Fencing Company Always Ready to Fight Back with Mechanical Earth Drills
It was a crushing one-two combination. In the fall of 2005, Hurricanes Katrina and Rita beat down the Gulf Coast within weeks of each other, leaving splinters of devastation in the wake of their Category 5 forces.
It didn’t take long after the floodwaters receded from New Orleans and surrounding communities for the phone to start ringing at Hercules Fence. One call became a deluge, and for the next three years the fence replacement jobs kept the Lake Charles, Louisiana company working nearly double-time days, with their mechanical earth drills setting thousands of holes. Company owner Charles Harris never appreciated their dependability, power and versatility more than he did in the aftermath of the storms.
Six Decades of Posts
Hercules is a family-owned business that has been installing fences for more than 60 years. There was a time when the work suited the name: crew members dug all the holes by hand, muscling through the toughest soils with manual augers. But for nearly five decades now, Little Beaver mechanical earth drills have been driving the company’s installations because of the drills’ power, reliability and safety. Today, Hercules owns three MDL-8H mechanical drills and uses them for chain link, ornamental, wood and vinyl fences on residential and commercial projects. They’re the most efficient option for bread-and-butter jobs that cover 200-600 feet of fence with 30-60 holes that are 3 feet deep.
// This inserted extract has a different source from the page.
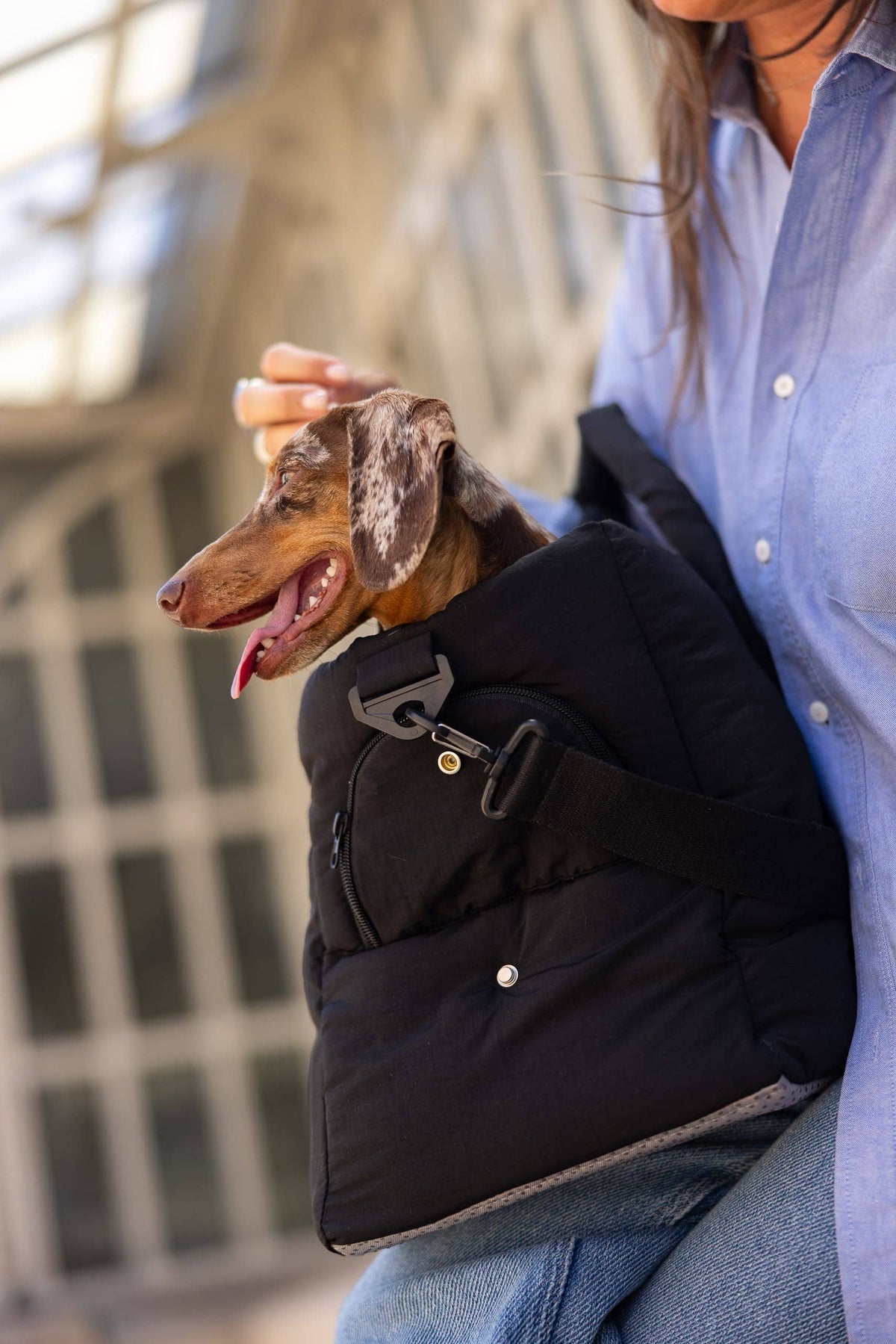 Sac de transport noir pour chien – Avion & voyage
Hercules does more expansive commercial and industrial projects, too, installations as long as 25,000 feet that require as many as 2,500 holes up to 12 inches in diameter and 42 inches deep. Because of the sheer scope of the jobs, the crew uses a skid steer equipped with a drill to do the bulk of the digging work. Even for those larger and more challenging projects, the small but mighty Little Beaver machines never get left behind. That’s because for areas with soft soils, a skid steer may get stuck but a couple of workers can get in with a mechanical drill, do the work and get out again.
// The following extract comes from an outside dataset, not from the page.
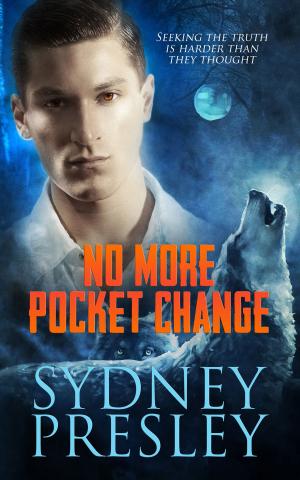 Cover of the book No More Pocket Change by Megan Slayer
Workers Use Drills With Skills While Putting Others First
Because of the tremendous amount of devastation from sister hurricanes, Hercules Fence once again turned to the Little Beaver to help them quickly complete the many landscaping projects on their list. The destruction started with Hurricane Katrina, which not only destroyed businesses, homes and infrastructure in the area; it also took out nearly every fence. Making an already horrible situation worse, Rita blew through a couple of weeks later adding to the destruction, even claiming Harris’ own house.
Despite their own devastating losses, Harris and his crew members helped others rebuild. Over the year and a half following Rita, they replaced fences that provided hard-hit residents and companies with the extra measure of privacy and security they’d lost. It was a huge undertaking, but day in and day out, the crew of three men put all three of their Little Beaver drills to work.
The highly efficient Little Beaver drills rotate at up to 360 rpm to quickly bring spoil to the surface and leave clean holes. The fast operation allowed the Hercules crew to work quickly so they could complete as many projects as possible each day. And with the torque tube, one person could safely operate each drill, even when digging with large diameter augers, without getting fatigue from drill kickback.
Hercules and their drills were again put to the test almost three years to the day after Rita roared through, when Hurricane Ike pounded the Lake Charles area. It took more than a year, but once again the Hercules crew worked long days to restore the area’s fences.
Since then the workday hours have backed down to their normal eight, and Harris found the time to rebuild in Lake Charles. The threat of a hurricane will be there every year. But if and when the next hurricane throws some punches, Hercules will be there, armed with Little Beaver mechanical earth drills to sink the holes and put the pieces back together.